Closed davidclemenssewall closed 1 year ago

davidclemenssewall commented 1 year ago

For detailed information about submitting Pull Requests (PRs) to the CICE-Consortium, please refer to: https://github.com/CICE-Consortium/About-Us/wiki/Resource-Index#information-for-developers

PR checklist

apcraig commented 1 year ago

This looks interesting. Several comments.

Good to see CPP for USE_NETCDF and appropriate aborts.

davidclemenssewall commented 1 year ago

Thanks @apcraig! Comments in line below.

This looks interesting. Several comments.

* warnstr and icepack_warnings_add should not be in icepack_intfc.F90.  Errors in the icepack driver should be written directly to the icepack driver output unit number (normally nu_diag).

Ah gotcha. Would you mind pointing me to a spot in the code where a warning is added like that? I.e., where we just provide a warning not an abort. Alternatively I'm open to this error causing an abort since the user did ask for a restart file that wasn't written (even if the code itself otherwise ran correctly).

* I am a little concerned that bgc is not included here.  If it's not possible to include that now, we should have a plan to update that soon.

I agree that it would be good to include bgc. I'm not sure that I can justify spending time on it to my PI because we don't need bgc for the project that's funding me but perhaps if it's quick to do.

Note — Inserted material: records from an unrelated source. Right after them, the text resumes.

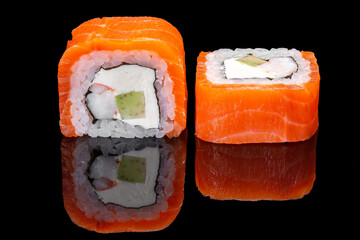 Sushi and rolls on a black mirrored background.
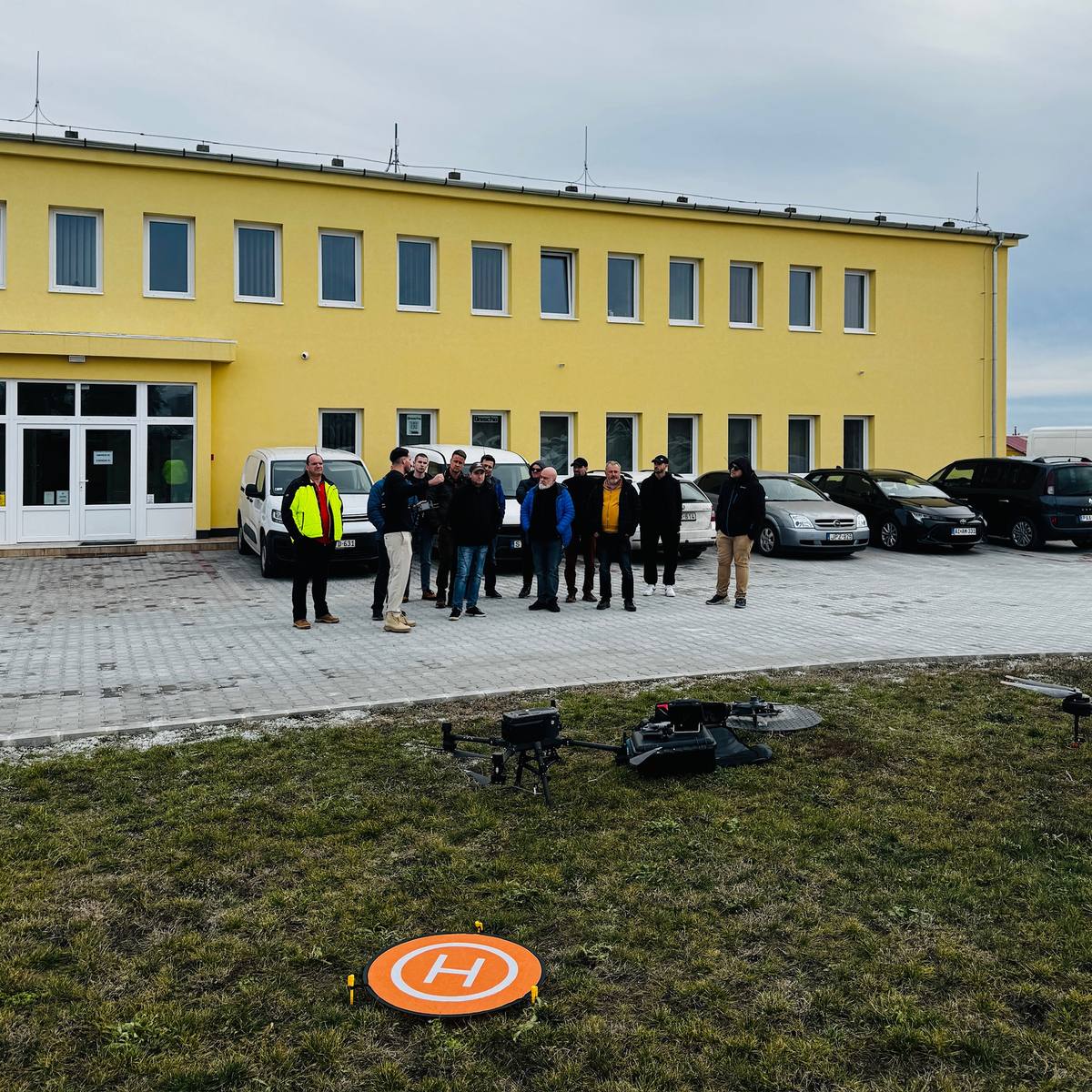 A képzési csoport a helyszín épülete előtt, drónokkal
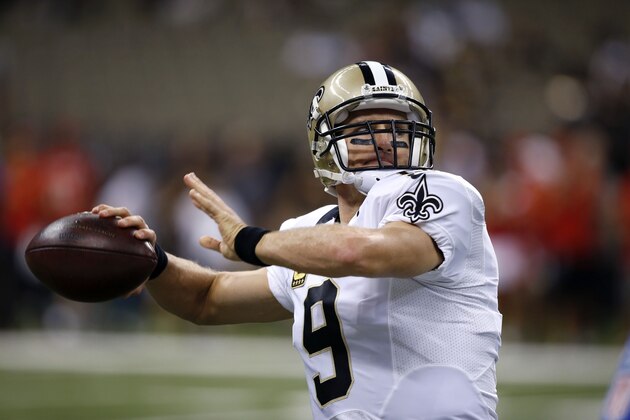 New Orleans Saints quarterback Drew Brees (9) warms up before an NFL football game against the Tampa Bay Buccaneers in New Orleans, Sunday, Sept. 20, 2015. (AP Photo/Jonathan Bachman)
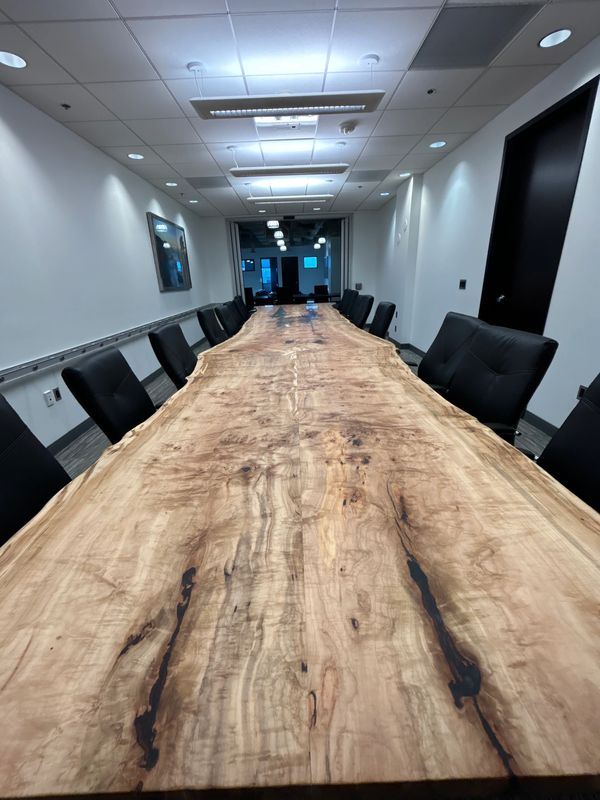 Very large 56-80”x 24 ft consecutive bookmatched whole Birds Eye figured maple log conference table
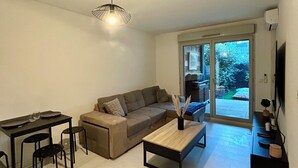 A modern living room with a sofa, coffee table, and dining area.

* This seems to include some of the changes to the netcdf time axis.  We'll need to be careful not to redo/undo/conflict with [driver: icedrv_history: fix start time for NetCDF history output #426](https://github.com/CICE-Consortium/Icepack/pull/426).  I assume you created this branch from that branch?  We'll want to merge [driver: icedrv_history: fix start time for NetCDF history output #426](https://github.com/CICE-Consortium/Icepack/pull/426) first, then have you update your branch and fix/remove the time axis changes in this PR.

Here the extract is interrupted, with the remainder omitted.